= WHAT YOU NEED TO DO =
Nothing but the entries, copied exactly, should appear in the response.

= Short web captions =
§ §

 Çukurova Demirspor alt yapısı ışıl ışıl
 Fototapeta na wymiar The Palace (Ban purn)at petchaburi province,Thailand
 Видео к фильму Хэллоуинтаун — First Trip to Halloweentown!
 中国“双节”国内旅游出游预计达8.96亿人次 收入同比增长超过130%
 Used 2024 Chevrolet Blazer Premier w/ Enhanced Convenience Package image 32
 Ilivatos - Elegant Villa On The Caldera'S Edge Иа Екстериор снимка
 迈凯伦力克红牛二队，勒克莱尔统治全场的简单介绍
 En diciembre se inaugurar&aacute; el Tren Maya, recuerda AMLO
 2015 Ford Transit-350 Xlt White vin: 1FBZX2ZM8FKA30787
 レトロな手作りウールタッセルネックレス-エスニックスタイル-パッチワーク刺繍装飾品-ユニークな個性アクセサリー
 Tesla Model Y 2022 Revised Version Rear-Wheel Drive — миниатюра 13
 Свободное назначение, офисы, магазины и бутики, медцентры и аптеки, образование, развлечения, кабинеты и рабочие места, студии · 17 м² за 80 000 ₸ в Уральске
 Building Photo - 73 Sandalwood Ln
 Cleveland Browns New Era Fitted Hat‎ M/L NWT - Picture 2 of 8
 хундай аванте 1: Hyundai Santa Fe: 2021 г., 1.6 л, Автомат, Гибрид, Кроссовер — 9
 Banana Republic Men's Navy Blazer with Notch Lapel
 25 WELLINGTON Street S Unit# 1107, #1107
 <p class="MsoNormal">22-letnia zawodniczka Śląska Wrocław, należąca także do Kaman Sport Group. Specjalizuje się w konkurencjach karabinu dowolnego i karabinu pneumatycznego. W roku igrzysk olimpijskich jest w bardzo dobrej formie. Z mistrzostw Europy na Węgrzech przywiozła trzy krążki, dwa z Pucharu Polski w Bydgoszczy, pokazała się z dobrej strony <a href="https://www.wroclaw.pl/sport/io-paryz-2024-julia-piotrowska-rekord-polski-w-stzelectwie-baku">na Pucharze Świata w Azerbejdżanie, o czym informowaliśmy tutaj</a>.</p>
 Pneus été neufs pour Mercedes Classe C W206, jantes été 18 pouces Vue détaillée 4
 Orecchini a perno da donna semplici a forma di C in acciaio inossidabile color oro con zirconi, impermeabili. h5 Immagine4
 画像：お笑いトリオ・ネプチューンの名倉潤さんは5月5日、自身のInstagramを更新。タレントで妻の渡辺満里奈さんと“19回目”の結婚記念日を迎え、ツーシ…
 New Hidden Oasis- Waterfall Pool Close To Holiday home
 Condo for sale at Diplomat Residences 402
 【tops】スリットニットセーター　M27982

§ §

= RESPONSE BELOW =
 Çukurova Demirspor alt yapısı ışıl ışıl
 Fototapeta na wymiar The Palace (Ban purn)at petchaburi province,Thailand
 Видео к фильму Хэллоуинтаун — First Trip to Halloweentown!
 中国“双节”国内旅游出游预计达8.96亿人次 收入同比增长超过130%
 Used 2024 Chevrolet Blazer Premier w/ Enhanced Convenience Package image 32
 Ilivatos - Elegant Villa On The Caldera'S Edge Иа Екстериор снимка
 迈凯伦力克红牛二队，勒克莱尔统治全场的简单介绍
 En diciembre se inaugurar&aacute; el Tren Maya, recuerda AMLO
 2015 Ford Transit-350 Xlt White vin: 1FBZX2ZM8FKA30787
 レトロな手作りウールタッセルネックレス-エスニックスタイル-パッチワーク刺繍装飾品-ユニークな個性アクセサリー
 Tesla Model Y 2022 Revised Version Rear-Wheel Drive — миниатюра 13
 Свободное назначение, офисы, магазины и бутики, медцентры и аптеки, образование, развлечения, кабинеты и рабочие места, студии · 17 м² за 80 000 ₸ в Уральске
 Building Photo - 73 Sandalwood Ln
 Cleveland Browns New Era Fitted Hat‎ M/L NWT - Picture 2 of 8
 хундай аванте 1: Hyundai Santa Fe: 2021 г., 1.6 л, Автомат, Гибрид, Кроссовер — 9
 Banana Republic Men's Navy Blazer with Notch Lapel
 25 WELLINGTON Street S Unit# 1107, #1107
 <p class="MsoNormal">22-letnia zawodniczka Śląska Wrocław, należąca także do Kaman Sport Group. Specjalizuje się w konkurencjach karabinu dowolnego i karabinu pneumatycznego. W roku igrzysk olimpijskich jest w bardzo dobrej formie. Z mistrzostw Europy na Węgrzech przywiozła trzy krążki, dwa z Pucharu Polski w Bydgoszczy, pokazała się z dobrej strony <a href="https://www.wroclaw.pl/sport/io-paryz-2024-julia-piotrowska-rekord-polski-w-stzelectwie-baku">na Pucharze Świata w Azerbejdżanie, o czym informowaliśmy tutaj</a>.</p>
 Pneus été neufs pour Mercedes Classe C W206, jantes été 18 pouces Vue détaillée 4
 Orecchini a perno da donna semplici a forma di C in acciaio inossidabile color oro con zirconi, impermeabili. h5 Immagine4
 画像：お笑いトリオ・ネプチューンの名倉潤さんは5月5日、自身のInstagramを更新。タレントで妻の渡辺満里奈さんと“19回目”の結婚記念日を迎え、ツーシ…
 New Hidden Oasis- Waterfall Pool Close To Holiday home
 Condo for sale at Diplomat Residences 402
 【tops】スリットニットセーター　M27982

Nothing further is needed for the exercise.